→ **Task details**: Word-for-word transcription: reproduce all of the data, but not the pictures.

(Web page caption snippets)

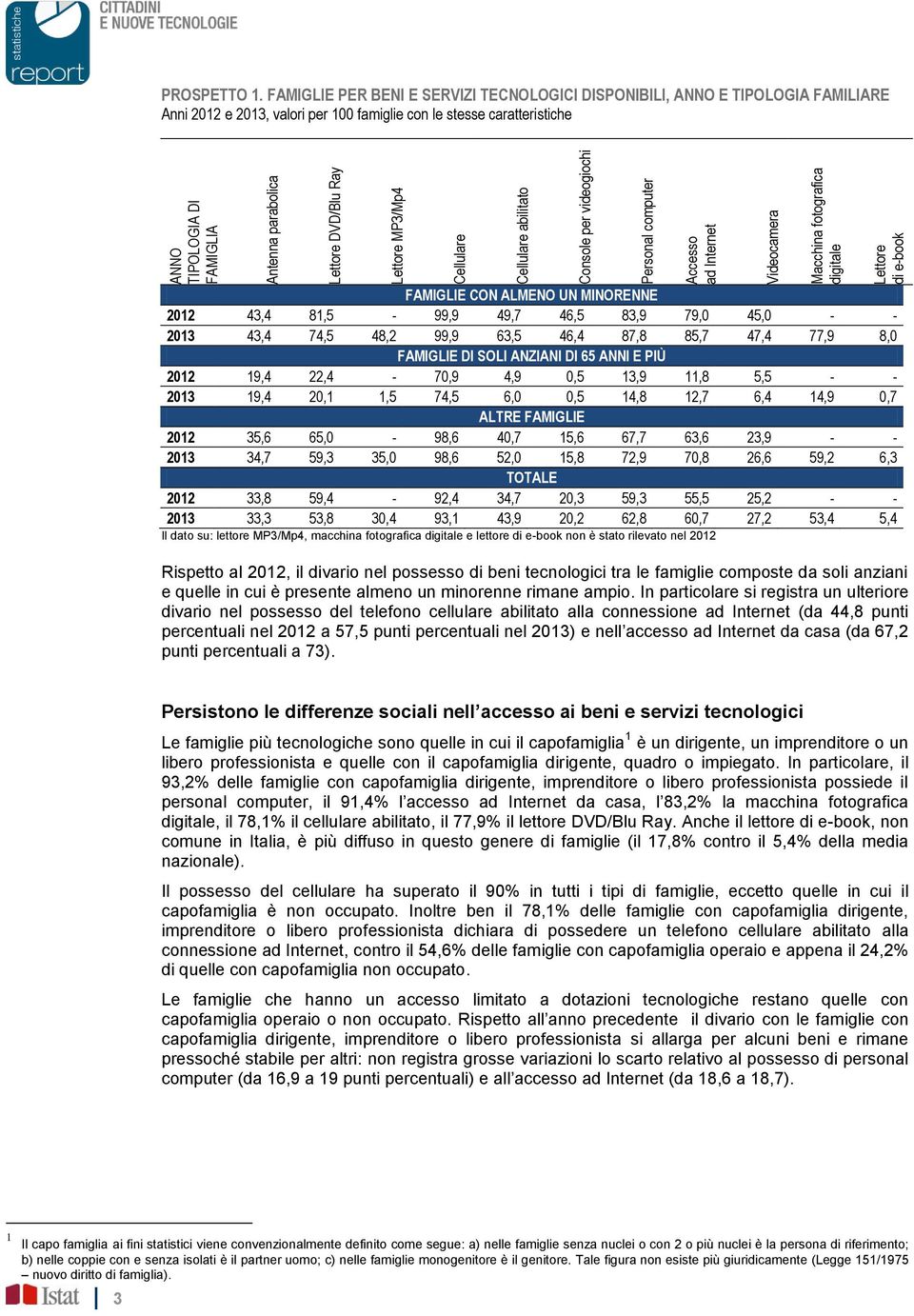 FAMIGLIE PER BENI E SERVIZI TECNOLOGICI DISPONIBILI, ANNO E TIPOLOGIA FAMILIARE Anni 2012 e 2013, valori per 100 famiglie con le stesse caratteristiche FAMIGLIE CON ALMENO UN MINORENNE 2012 43,4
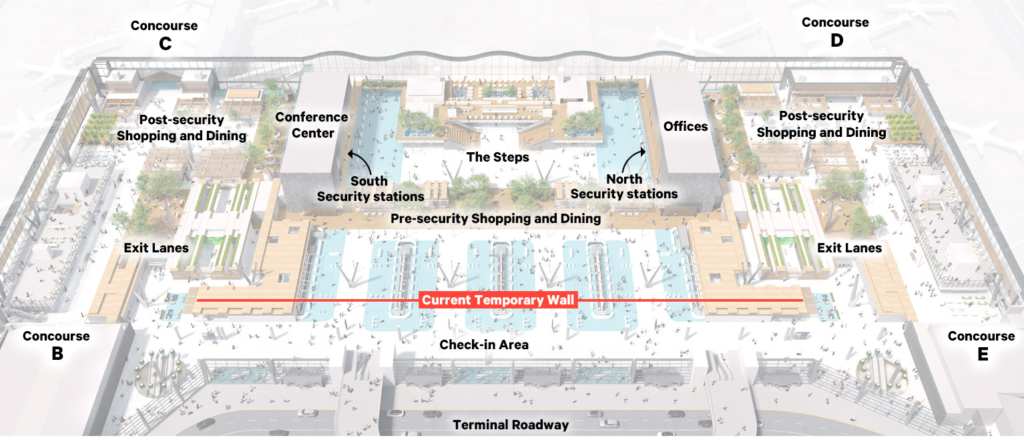 portland airport map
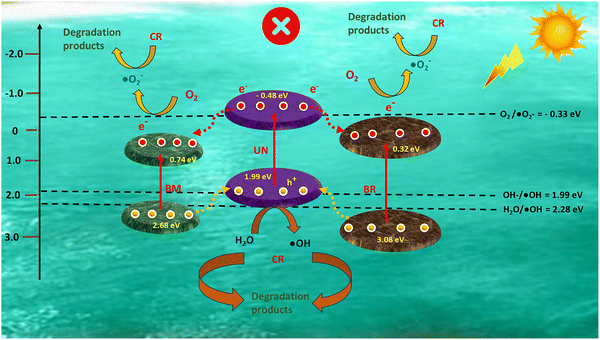 image file: d5ma01197c-s2.tif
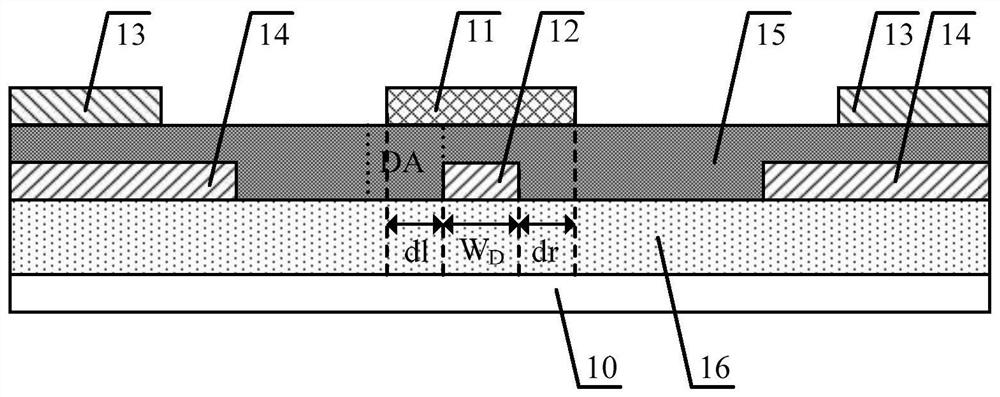 A display substrate and its control method, display panel, and display device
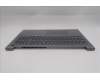 Lenovo 5CB1R08927 Tastatur inkl. Topcase ASM_FRA W21SH AG BL U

→ **Response box**:
 FAMIGLIE PER BENI E SERVIZI TECNOLOGICI DISPONIBILI, ANNO E TIPOLOGIA FAMILIARE Anni 2012 e 2013, valori per 100 famiglie con le stesse caratteristiche FAMIGLIE CON ALMENO UN MINORENNE 2012 43,4
 portland airport map
 image file: d5ma01197c-s2.tif
 A display substrate and its control method, display panel, and display device
 Lenovo 5CB1R08927 Tastatur inkl. Topcase ASM_FRA W21SH AG BL U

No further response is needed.